Wieder heißt es Treppen steigen. Blickrichtung wie gehabt. Hauptkasse und Vermögensabteilung links. Rechts Rechnungsprüfungsstelle und Widerspruchsstelle. Zunächst sind keine weiteren Stufen zu bewältigen. Wir gehen im ersten OG vorbei am Büro des Personalratsvorsitzenden Ruprecht Wagner,

über das Hauptgebäude zum westlichen Seitentrakt. Vorbei an der Bücherei und Bibliothek. Heute Sitz des Personalrates. An der zweiten Nebentreppe angekommen, pst! bitte leise, hier residierte die Führungsebene. Man höre und staune, es gab drei Direktoren. Gegenüber war das Büro der Selbstverwaltung und Teile der allgemeinen Verwaltung. Halt da war, da ist doch noch was? Ach ja, der "Blaue Salon". Der hat schon manchen jungen Beamten schwitzen sehen. Wurden hier doch lange Zeit die mündlichen Prüfungen abgehalten.

 

So jetzt geht es abwärts. Hier wirkten die Mitarbeiter der Personalverwaltung und der allgemeinen Verwaltung, mit dem singenden Kollegen Hans Purmann. Unter dem "Blauen Salon" wurde gewaltiges Wissen umgewälzt. Dort wo jetzt Büroräume und der Durchgang zum Archiv bestehen, war der Schulungsraum für Beamte des mittleren und gehobenen Dienstes. Noch alles klar????

 

Wieder zurück am Foyer vorbei und wir stehen erneut an unserem Ausgangspunkt, diesmal zu den Fahrstühlen gewendet. Dieses Stockwerk und das zweite und dritte Stockwerk beherbergte weitere Teile der Beitragsabteilung und die Handwerkerversicherung.

 

Das vierte Obergeschoß gehörte der Abteilung IVa "Allgemeine Erkrankungen". Im Stockwerk fünf saß die Abteilung IVb "Tuberkulosefälle".

 

Aufwärts geht’s.
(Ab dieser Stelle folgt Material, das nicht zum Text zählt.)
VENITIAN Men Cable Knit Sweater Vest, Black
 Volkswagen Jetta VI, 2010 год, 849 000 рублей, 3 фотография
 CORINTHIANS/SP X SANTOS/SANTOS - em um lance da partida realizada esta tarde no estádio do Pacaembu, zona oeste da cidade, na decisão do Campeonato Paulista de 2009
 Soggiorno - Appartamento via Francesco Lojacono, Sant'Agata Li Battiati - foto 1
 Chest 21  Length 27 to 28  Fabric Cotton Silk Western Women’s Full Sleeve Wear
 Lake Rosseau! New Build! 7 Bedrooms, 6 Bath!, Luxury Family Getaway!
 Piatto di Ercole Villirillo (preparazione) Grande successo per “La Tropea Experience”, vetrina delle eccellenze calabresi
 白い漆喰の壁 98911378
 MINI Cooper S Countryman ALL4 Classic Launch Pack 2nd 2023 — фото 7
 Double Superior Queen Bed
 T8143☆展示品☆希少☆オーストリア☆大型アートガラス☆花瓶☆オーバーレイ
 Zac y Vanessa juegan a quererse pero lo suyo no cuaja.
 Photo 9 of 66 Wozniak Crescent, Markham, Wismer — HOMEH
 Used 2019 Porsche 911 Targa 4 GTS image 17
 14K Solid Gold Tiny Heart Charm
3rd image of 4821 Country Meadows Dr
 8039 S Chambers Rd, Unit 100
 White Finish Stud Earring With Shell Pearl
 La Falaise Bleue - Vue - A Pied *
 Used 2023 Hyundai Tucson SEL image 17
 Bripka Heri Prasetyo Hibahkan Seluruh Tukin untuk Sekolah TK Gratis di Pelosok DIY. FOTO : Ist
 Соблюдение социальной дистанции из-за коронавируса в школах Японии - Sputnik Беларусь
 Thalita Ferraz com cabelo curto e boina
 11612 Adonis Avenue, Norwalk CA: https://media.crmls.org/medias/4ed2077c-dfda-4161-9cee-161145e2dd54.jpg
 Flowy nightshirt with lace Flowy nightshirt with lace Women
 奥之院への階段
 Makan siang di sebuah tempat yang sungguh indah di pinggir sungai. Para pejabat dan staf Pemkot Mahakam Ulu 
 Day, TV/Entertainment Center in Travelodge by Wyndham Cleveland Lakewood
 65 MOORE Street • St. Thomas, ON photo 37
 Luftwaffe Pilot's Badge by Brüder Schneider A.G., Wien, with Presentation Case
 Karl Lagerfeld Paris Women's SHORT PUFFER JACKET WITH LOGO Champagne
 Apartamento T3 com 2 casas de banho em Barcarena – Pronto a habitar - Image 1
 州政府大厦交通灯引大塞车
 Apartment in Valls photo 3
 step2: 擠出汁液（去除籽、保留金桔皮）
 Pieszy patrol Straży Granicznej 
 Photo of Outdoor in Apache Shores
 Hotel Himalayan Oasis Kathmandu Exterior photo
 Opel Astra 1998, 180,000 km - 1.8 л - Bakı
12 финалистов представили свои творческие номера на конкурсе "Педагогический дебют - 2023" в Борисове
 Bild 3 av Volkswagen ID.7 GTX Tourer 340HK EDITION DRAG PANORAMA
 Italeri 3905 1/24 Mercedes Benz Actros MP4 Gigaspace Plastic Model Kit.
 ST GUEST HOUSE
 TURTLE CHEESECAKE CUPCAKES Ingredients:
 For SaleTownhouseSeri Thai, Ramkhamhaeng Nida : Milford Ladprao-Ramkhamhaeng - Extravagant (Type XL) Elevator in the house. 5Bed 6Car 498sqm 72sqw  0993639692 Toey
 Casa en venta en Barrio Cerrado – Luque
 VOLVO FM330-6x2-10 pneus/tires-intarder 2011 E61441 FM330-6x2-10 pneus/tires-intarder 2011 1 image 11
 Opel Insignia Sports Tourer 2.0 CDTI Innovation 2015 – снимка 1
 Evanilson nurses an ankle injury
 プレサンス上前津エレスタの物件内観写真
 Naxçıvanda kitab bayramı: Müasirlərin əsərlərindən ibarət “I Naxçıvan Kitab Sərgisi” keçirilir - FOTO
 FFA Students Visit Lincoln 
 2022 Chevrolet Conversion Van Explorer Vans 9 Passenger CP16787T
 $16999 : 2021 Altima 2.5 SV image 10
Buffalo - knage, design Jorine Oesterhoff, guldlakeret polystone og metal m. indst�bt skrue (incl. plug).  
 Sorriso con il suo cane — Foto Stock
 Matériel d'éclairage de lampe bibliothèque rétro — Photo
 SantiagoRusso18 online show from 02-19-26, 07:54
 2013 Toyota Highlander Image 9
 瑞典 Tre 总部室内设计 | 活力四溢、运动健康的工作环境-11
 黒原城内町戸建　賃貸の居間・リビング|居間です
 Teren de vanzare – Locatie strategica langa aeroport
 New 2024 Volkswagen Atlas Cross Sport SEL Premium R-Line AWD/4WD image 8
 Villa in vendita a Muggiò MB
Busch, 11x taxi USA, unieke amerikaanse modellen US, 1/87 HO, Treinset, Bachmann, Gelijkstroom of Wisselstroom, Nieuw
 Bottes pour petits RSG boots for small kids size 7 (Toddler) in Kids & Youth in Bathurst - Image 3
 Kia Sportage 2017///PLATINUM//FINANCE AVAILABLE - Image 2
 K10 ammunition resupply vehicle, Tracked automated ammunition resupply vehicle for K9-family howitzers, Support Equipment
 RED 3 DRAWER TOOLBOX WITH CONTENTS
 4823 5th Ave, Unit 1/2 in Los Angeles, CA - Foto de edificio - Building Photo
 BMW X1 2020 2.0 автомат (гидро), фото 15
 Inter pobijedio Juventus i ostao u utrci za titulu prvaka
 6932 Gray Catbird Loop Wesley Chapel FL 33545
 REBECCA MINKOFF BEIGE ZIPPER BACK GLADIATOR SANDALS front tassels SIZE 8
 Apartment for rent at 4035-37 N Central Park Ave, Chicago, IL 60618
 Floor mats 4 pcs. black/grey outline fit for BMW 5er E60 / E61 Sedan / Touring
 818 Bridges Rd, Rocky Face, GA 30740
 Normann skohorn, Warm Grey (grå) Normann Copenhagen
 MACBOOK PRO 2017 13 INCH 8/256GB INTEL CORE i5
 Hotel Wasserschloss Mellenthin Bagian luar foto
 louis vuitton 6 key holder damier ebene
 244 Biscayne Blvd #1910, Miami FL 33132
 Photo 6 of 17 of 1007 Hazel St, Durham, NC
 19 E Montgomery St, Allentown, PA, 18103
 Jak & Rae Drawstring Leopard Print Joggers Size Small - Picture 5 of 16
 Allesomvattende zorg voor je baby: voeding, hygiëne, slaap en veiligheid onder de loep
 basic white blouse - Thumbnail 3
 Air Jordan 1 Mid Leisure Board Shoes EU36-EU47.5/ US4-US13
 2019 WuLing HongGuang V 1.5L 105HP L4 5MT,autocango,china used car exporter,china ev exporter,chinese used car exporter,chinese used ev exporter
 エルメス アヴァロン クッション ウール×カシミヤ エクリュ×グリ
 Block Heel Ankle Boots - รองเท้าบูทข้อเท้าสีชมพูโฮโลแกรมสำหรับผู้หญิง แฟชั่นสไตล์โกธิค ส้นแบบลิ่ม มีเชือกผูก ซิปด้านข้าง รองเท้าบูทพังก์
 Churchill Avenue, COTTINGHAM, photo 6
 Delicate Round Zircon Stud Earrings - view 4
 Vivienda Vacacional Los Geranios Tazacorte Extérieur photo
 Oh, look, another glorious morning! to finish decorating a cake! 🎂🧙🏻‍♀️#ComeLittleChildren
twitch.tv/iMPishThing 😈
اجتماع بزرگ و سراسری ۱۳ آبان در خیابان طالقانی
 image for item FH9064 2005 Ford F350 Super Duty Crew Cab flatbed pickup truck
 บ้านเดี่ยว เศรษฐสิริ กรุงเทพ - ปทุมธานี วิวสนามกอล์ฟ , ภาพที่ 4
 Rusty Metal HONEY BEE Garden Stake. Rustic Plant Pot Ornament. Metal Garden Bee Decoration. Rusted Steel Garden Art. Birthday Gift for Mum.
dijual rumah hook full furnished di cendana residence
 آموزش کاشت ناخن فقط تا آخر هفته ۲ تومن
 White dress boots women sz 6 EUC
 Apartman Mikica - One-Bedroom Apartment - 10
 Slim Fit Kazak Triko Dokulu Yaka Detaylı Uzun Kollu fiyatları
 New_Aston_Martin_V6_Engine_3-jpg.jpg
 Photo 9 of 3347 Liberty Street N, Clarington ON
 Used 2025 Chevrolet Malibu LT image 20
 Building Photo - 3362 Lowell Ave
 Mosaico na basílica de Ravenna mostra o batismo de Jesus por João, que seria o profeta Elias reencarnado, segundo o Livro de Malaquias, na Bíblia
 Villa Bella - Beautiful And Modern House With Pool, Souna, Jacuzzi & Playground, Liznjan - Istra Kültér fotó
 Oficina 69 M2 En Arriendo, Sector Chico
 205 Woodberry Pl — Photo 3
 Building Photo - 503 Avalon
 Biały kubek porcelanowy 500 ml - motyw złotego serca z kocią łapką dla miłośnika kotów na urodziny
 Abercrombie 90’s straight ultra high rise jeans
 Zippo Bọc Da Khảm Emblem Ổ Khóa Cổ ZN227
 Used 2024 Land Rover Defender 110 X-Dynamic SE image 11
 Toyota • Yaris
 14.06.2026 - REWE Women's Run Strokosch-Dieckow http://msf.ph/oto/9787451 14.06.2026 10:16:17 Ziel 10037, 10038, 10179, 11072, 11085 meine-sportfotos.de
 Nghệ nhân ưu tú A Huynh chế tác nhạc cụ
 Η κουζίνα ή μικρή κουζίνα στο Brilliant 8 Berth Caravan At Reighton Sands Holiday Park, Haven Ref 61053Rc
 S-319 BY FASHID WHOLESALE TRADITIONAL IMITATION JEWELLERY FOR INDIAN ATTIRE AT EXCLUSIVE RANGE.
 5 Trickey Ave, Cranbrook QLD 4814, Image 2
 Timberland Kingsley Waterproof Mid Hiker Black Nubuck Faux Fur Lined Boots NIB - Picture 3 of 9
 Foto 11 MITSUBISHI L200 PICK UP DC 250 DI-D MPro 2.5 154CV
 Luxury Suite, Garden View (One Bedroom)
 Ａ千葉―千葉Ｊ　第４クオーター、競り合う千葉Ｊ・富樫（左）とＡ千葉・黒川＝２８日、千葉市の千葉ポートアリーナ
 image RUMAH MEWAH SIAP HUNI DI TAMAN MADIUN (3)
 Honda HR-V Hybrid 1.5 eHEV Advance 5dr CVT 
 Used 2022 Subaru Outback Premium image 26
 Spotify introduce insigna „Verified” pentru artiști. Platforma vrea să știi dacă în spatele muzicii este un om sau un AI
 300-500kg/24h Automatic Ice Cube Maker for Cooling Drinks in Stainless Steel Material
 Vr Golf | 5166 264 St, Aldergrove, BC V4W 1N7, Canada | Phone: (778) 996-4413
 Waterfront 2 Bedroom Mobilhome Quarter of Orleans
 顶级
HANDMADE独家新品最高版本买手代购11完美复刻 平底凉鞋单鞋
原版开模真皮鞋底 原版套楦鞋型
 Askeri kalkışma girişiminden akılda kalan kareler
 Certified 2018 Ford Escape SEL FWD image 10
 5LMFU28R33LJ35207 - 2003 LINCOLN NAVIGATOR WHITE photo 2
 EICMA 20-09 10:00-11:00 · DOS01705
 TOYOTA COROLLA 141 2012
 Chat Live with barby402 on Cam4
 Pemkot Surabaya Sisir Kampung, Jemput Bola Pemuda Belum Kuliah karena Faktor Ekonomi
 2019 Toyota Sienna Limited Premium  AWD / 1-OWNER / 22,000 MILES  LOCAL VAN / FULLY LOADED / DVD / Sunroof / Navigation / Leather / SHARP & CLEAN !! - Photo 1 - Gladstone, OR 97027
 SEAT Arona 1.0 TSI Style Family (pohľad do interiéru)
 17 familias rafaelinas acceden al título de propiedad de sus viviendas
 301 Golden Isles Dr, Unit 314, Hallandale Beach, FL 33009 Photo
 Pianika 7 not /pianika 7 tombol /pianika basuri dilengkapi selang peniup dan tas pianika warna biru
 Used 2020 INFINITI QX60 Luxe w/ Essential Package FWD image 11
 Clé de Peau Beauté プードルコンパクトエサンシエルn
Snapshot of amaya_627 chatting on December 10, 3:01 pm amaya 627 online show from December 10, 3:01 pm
In den Obergeschoßen sechs bis zwölf wirkten die Rentenabteilung/Verbindungsstelle, einschließlich deren Postverteilungsstelle und das Archiv.

 

Im 13. Stock angekommen, fand und findet man seit eh und je die Küche, das Kiosk und die Kantine. Damals konnte man auch schon von der Kantine aus die Balkone betreten und frei Richtung Haardt oder Odenwald schauen. Ich hatte dabei immer ein mulmiges Gefühl.

 

Und zum Schluss: Während meinen Ausbildungen 1965/66 und 1973-75 hatte ich fast alle Ecken des Hochhauses kennen gelernt, gesehen und betreten. Aber auf eine Stelle habe ich bis  heute noch keinen Fuß gesetzt, auf das Sonnendeck.